The mackerel test


“…The late 19th and early 20th century saw significant changes in the layout of St John’s Wood, largely due to transport schemes that were implemented towards the end of the Victorian period. In 1892 the Metropolitan Railway acquired land through the middle of St John’s Wood to pass a new line into Marylebone. Despite furious opposition, the tunnel was built which caused a scar in the centre of St John’s Wood and initiated the large-scale redevelopment of much of Wellington Road. As compensation for the disruption caused to Lord’s Cricket Ground, they were given the land of the Clergy Orphans’ School by the Railway; the St John’s Wood Burial Ground was also gifted to the public laid out as a garden…”

From Wikipedia:

“St. John’s Wood is a London Underground station located in St John’s Wood in the City of Westminster, north-west London. It was opened in 1939 as a stop on the Bakerloo line. Today St. John’s Wood is served by the Jubilee line, between Swiss Cottage and Baker Street stations and is in Travelcard Zone 2. A journey between St. John’s Wood and Baker Street typically takes less than three minutes.

The station building is located on the corner of Acacia Road and Finchley Road and tube maps from late 1938 and early 1939 indicate that it was originally to be given the name Acacia Road or Acacia. This station is the nearest to Lord’s Cricket Ground and Abbey Road Studios. The station is therefore not to be confused with Abbey Road DLR station in east London.

The station was opened on 20 November 1939 on a new section of deep-level tunnel constructed between Baker Street and Finchley Road when the Metropolitan line’s services on its Stanmore branch were transferred to the Bakerloo line. The new station replaced two nearby stations on the Metropolitan line which had closed the previous day. These were Lord’s (originally named St. John’s Wood Road, then St. John’s Wood and, finally, Lord’s) and Marlborough Road.
The station was transferred along with the rest of the Stanmore branch to the Jubilee line when it opened on 1 May 1979.
The station building designed by Stanley Heaps is Grade II listed.
The platform design remains the same as when opened in 1939, as designed by Harold Stabler. In 2006, the tiles were cleaned up and replaced.

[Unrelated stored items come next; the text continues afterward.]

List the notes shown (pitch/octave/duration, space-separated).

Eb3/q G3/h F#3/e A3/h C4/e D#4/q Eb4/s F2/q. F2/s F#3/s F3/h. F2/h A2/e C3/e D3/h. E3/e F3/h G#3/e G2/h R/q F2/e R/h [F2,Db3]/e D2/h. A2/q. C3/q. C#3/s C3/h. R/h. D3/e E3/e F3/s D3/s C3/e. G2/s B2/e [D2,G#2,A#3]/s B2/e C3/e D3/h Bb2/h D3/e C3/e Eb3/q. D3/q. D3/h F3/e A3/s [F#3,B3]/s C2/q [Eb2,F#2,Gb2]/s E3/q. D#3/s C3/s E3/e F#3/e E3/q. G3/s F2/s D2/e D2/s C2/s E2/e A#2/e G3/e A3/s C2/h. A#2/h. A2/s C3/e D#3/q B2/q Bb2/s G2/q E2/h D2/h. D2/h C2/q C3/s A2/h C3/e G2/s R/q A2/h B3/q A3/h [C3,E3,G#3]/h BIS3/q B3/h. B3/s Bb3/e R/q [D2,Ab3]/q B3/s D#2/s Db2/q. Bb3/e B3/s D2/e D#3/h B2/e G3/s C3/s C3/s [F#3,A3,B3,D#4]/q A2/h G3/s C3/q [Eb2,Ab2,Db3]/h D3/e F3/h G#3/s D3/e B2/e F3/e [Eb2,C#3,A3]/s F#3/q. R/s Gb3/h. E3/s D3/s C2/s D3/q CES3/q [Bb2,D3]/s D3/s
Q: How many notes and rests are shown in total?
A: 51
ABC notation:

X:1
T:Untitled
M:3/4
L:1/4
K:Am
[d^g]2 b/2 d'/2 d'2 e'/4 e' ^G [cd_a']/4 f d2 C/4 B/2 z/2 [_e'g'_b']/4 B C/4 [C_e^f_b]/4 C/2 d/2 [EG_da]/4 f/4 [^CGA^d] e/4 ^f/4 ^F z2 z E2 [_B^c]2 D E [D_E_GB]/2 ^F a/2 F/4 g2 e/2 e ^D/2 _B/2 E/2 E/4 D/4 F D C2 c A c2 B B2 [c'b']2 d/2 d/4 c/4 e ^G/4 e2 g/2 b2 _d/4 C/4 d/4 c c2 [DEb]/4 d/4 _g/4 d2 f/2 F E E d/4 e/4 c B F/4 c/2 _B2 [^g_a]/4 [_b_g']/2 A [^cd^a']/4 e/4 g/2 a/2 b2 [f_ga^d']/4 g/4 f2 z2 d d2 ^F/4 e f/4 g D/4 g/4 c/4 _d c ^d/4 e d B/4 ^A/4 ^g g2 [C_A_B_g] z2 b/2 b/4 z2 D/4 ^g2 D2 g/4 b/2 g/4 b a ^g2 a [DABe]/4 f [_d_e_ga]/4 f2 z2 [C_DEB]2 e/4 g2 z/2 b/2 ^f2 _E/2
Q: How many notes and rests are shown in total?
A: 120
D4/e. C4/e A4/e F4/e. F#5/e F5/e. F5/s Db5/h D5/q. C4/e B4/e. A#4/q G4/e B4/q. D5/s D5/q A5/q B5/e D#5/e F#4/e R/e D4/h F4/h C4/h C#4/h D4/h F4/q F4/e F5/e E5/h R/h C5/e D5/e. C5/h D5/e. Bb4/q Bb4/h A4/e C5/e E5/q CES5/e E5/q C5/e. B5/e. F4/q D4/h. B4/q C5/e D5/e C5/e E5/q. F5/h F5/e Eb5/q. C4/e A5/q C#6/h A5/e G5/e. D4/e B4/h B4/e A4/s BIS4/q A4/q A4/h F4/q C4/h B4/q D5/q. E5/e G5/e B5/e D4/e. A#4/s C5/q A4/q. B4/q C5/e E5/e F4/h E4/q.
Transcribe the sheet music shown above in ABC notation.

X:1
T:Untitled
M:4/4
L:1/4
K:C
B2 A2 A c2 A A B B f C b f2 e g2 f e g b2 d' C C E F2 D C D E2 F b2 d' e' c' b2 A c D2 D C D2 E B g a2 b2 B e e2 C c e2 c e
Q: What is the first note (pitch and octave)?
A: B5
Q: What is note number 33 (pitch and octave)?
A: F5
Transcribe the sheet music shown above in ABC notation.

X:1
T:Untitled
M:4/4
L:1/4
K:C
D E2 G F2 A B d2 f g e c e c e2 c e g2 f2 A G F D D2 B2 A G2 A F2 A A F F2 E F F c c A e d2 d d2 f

A common trivia question is, “Which London Underground station does not contain any of the letters in the word “mackerel”? The answer is St John’s Wood, which does not contain any of the letters A-C-E-K-L-M-R. This is only true because the word “Saint” is always abbreviated “St” in the name, and because Hoxton is on the London Overground but not the Underground. Victoria Coren Mitchell described this as her favourite trivia question. Two former stations also fulfil the mackerel test: Wotton and Wood Siding, which were part of the Underground network between 1933 and 1935.”